Thursday, April 23, 2026

Being Allowed to Stay in the Game Is a Blessing

 Some days, fatigue feels heavier than usual.
Travel, unfamiliar places, and the passing of time all leave their marks.
Yet even near the end of the game, being allowed to remain on the court is something to be grateful for.

For the past couple of days, my writing has felt somewhat lacking in energy.
Perhaps that is because I drafted it on the way home the night before

I usually add the opening lines the next morning, while the rest was written the previous evening.
The energy of morning and the melancholy of night—human emotions move in ways that are surprisingly easy to recognize.

Perhaps because of my recent business trips, fatigue has been building up.

Traveling to unfamiliar places takes physical strength, and visiting somewhere new brings its own tension.
That alone can deepen one’s exhaustion.

Meeting people I do not know is tiring in another way.
When you have no idea what kind of person the other side may be, that cannot be helped.

Traveling by Shinkansen can also be draining.

Recently, with many visitors coming to Japan, there are moments when differences in manners or customs inside the train feel noticeable.
At the same time, adapting to systems designed mainly for Japanese travelers must be difficult for them as well.

Academic conferences leave me tired too.

In earlier years, hearing new ideas filled me with joy.
I wanted to absorb what I did not know and make it part of myself.

Now, however, I feel there is not much room left in my mind for new things.

That may be why conferences exhaust me each time I attend one.
Sometimes I wonder whether it is nearly enough.

My body may be trying, little by little, to fade from the front stage of society.

Then again, it is difficult to define what the front stage really means.
It is not simply having a title, nor standing before others in visible roles.

I no longer feel much attachment to surviving in the place where I once stood by relying only on what I built in the past.
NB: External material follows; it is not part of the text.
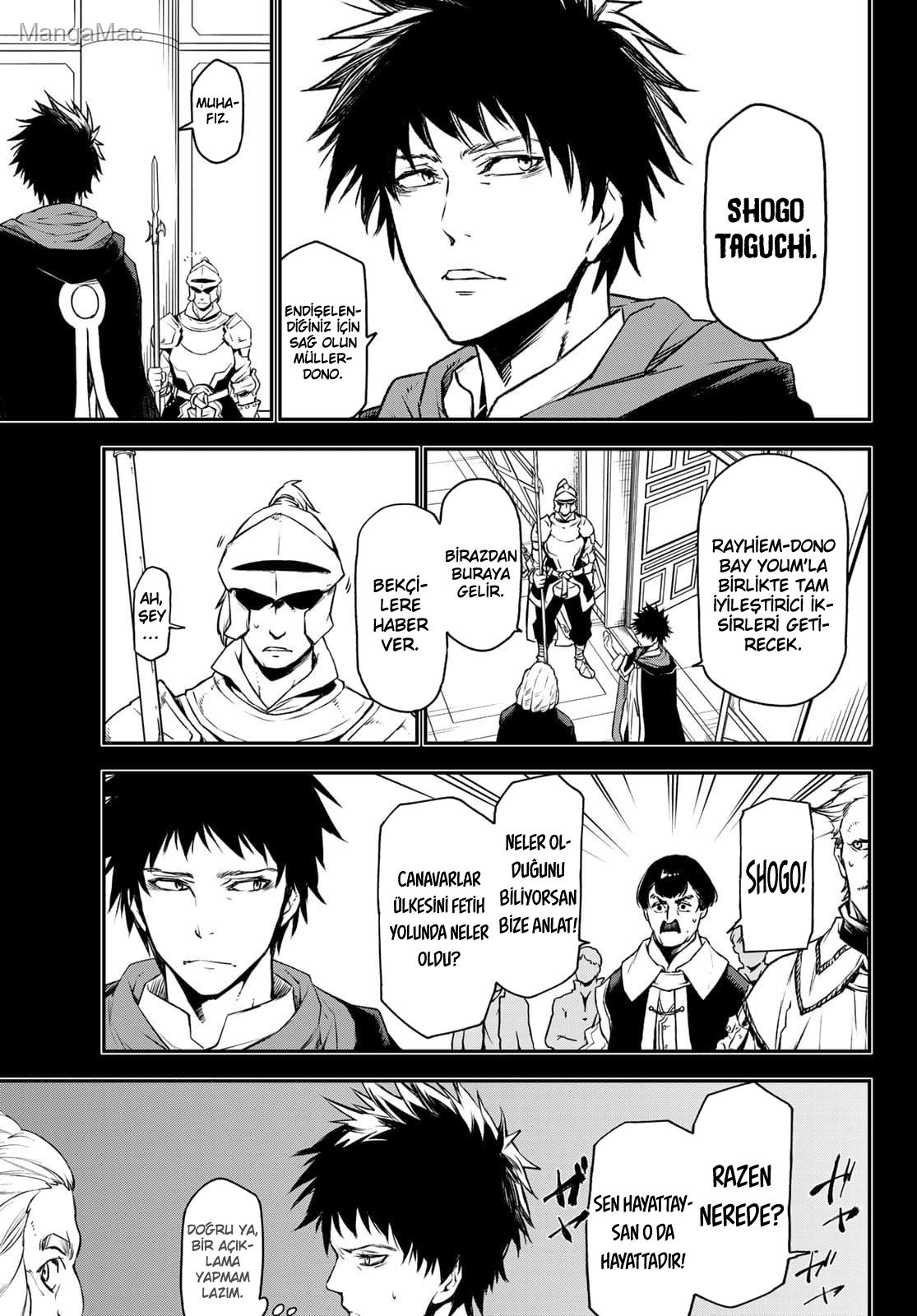 Tensei Shitara Slime Datta Ken Bölüm 88 - Sayfa 6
Even so, I still have one more effort to make.

If I compare life to the basketball games I once loved, perhaps this is the final two minutes.
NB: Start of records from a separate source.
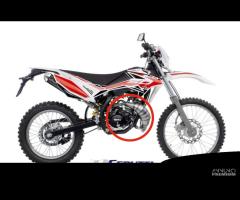 Kit Collettori Leovince Beta RR 50 Enduro Motard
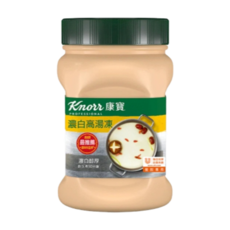 康寶 濃白高湯凍 雞豬風味 800g, 1個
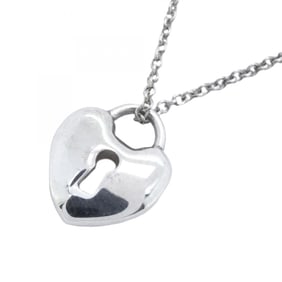 Tiffany Heart Lock Necklace in Silver 925 for Women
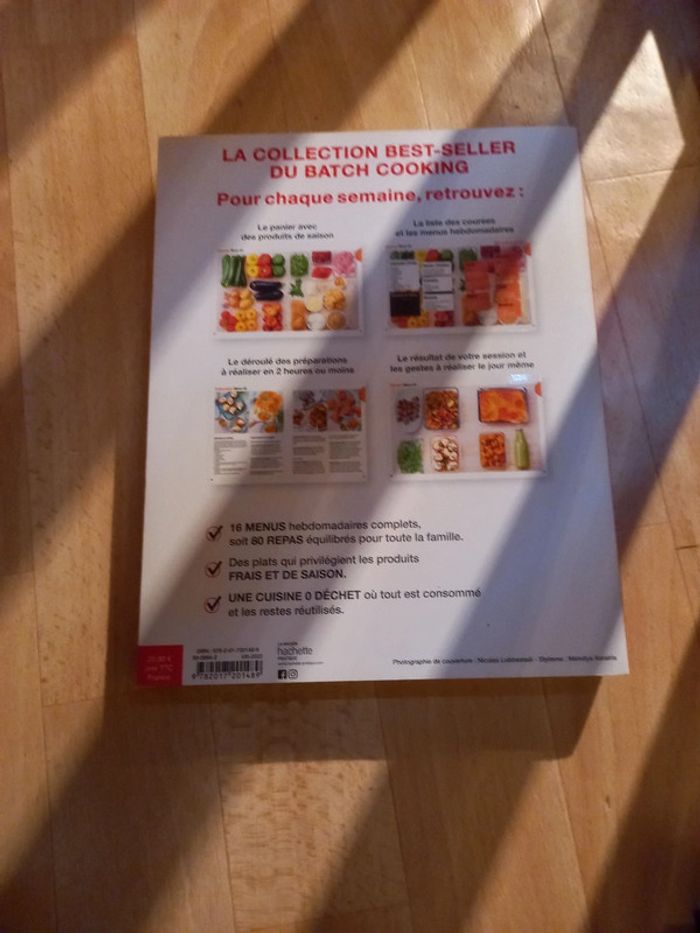 Livre cuisine - photo numéro 2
And yet, being able to spend this time on the court itself is possible only because I have been fortunate enough to be allowed to play.

 

If I am grateful for that fortune, then I should keep running until the final whistle. 


 

・・・ 

Vocabulary for Learners

  • fatigue = 疲労
  • melancholy = 物悲しさ、憂鬱
  • unfamiliar = 見慣れない、不慣れな
  • exhaustion = 消耗、極度の疲れ
  • attachment = 執着、愛着
  • fortunate enough to... = ~できるほど幸運である
  • final whistle = 試合終了の笛(人生の比喩としても使える)

 

Being Allowed to Stay in the Game Is a Blessing

 Some days, fatigue feels heavier than usual. Travel, unfamiliar places, and the passing of time all leave their marks. Yet even near the ...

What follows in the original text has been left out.